Begin your copy at the line with "A scenic photo" in the records below and end it at the line with "A rectangular beige", restating each line word for word; omit the pictures.

§ **Material supplied**
★ ★ ★ ★ ★
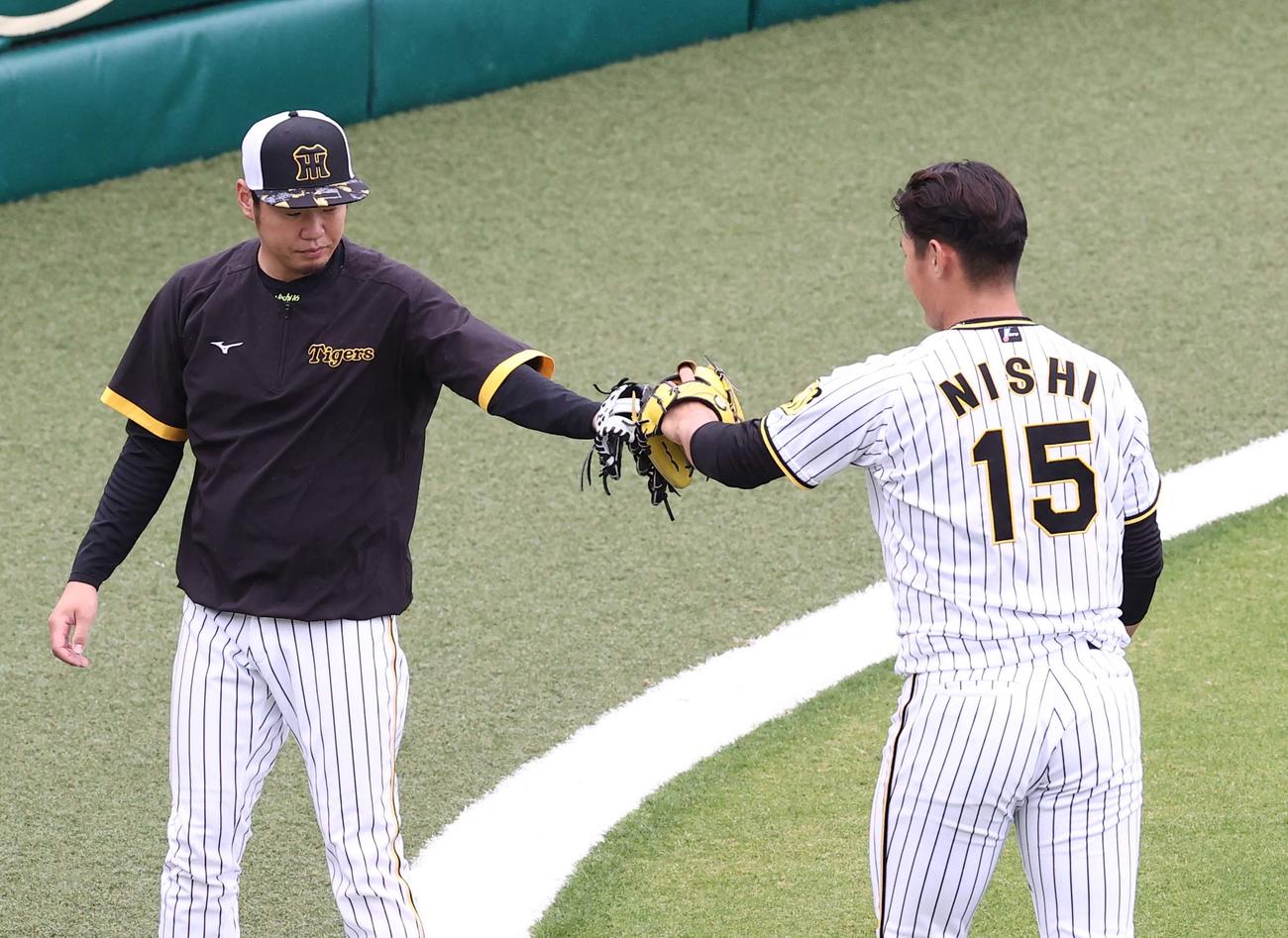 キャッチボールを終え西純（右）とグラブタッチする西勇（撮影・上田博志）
★ ★ ★ ★ ★
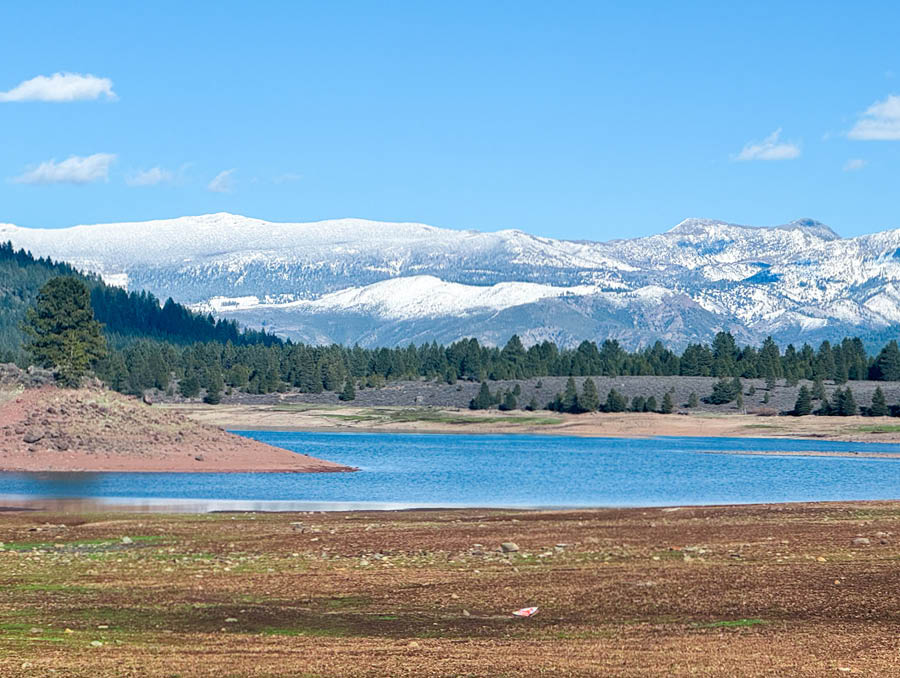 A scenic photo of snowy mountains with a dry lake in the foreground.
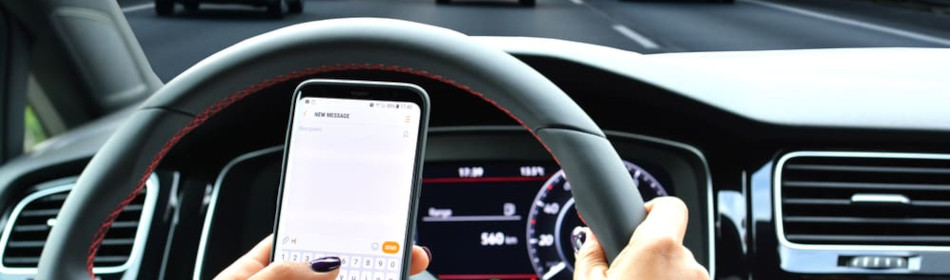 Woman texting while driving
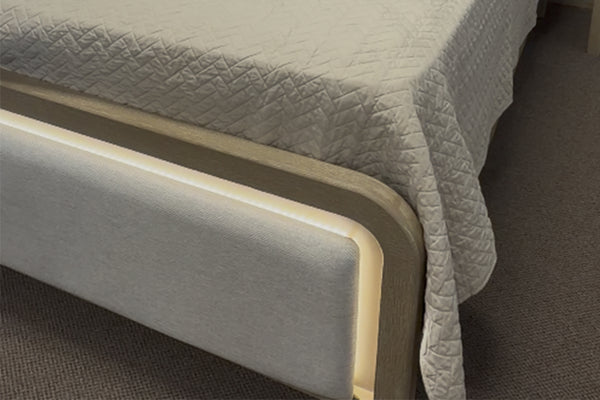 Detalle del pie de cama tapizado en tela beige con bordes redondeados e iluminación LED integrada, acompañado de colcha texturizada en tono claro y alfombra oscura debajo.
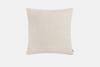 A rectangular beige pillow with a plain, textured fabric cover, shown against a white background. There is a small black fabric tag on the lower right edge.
★ ★ ★ ★ ★
§ **Result for this task**
 A scenic photo of snowy mountains with a dry lake in the foreground.
 Woman texting while driving
 Detalle del pie de cama tapizado en tela beige con bordes redondeados e iluminación LED integrada, acompañado de colcha texturizada en tono claro y alfombra oscura debajo.
 A rectangular beige pillow with a plain, textured fabric cover, shown against a white background. There is a small black fabric tag on the lower right edge.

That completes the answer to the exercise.